Doutrinariamente, Trouxe Ricardo Fiuza sua valiosa contribuição, esclarecendo que o reivindicante pode ser titular de direito real (proprietário) ou apenas possuidor que procura retornar o bem que lhe foi esbulhado, por intermédio de ação de reintegração de posse. Assim, há de se interpretar aqui o reivindicante como sendo o titular do direito subjetivo, autor da ação de recuperação do bem litigioso. Faculta o CC ao autor da demanda recuperatória, obrigado a indenizar ao possuidor de má-fé pelas benfeitorias optar entre o respectivo valor atual ou o seu custo. Ocorre que as benfeitorias realizadas podem valer mais ou menos do que teriam efetivamente custado. Ao possuidor de boa-fé, o reivindicante indenizará sempre pelo valor atual. (Direito Civil - doutrina, Ricardo Fiuza – p. 631, apud Maria Helena Diniz Código Civil Comentado já impresso pdf 16ª ed., São Paulo, Saraiva, 2.012, pdf, Microsoft Word. Acessado em 17/09/2020, corrigido e aplicadas as devidas atualizações VD).

 

Encerrando o capítulo, no peso de Luís Paulo Cotrim Guimarães e Samuel Mezzalira, conforme a regra em questão, ao indenizar as benfeitorias realizadas pelo possuidor de boa-fé, o reivindicante utilizará como parâmetro o valor atual daquelas, e não o valor efetivamente gasto à época. Quando se tratar de possuidor de má-fé, poderá o reivindicante optar entre o valor atual das benfeitorias ou o do gasto efetivado à época, devidamente corrigido, a fim de se evitar o enriquecimento sem causa.
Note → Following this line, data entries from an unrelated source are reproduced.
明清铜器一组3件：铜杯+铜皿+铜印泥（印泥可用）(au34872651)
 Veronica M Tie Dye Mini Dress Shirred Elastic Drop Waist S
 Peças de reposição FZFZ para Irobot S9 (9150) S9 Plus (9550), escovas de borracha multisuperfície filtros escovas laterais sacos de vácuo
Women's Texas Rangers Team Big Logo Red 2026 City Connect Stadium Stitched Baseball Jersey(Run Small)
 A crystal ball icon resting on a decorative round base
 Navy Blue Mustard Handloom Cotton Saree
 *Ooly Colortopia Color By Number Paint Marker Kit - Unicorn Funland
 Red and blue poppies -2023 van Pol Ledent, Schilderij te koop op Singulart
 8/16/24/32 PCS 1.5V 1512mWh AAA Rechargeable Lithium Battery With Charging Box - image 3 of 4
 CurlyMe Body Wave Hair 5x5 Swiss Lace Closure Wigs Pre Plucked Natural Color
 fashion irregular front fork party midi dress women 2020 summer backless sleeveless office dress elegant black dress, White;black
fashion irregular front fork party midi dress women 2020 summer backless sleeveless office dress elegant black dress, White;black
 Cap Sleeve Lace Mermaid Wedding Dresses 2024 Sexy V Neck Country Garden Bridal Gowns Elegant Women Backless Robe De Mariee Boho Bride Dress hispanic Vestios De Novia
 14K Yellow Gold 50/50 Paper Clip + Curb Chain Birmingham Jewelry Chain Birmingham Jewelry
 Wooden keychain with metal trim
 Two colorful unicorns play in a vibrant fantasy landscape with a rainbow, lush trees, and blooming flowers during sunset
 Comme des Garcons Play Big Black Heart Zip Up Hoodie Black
O código anterior não utilizava o critério da qualidade da posse (boa ou má-fé) para fixar a indenização devida em razão de benfeitorias realizadas, restringindo-se ao seu valor atual ou ao do efetivo custo da época, mas sempre corrigido, em nome da proibição do enriquecimento sem causa. (Luís Paulo Cotrim Guimarães e Samuel Mezzalira apud Direito.com acesso em 17.09.2020, corrigido e aplicadas as devidas atualizações VD).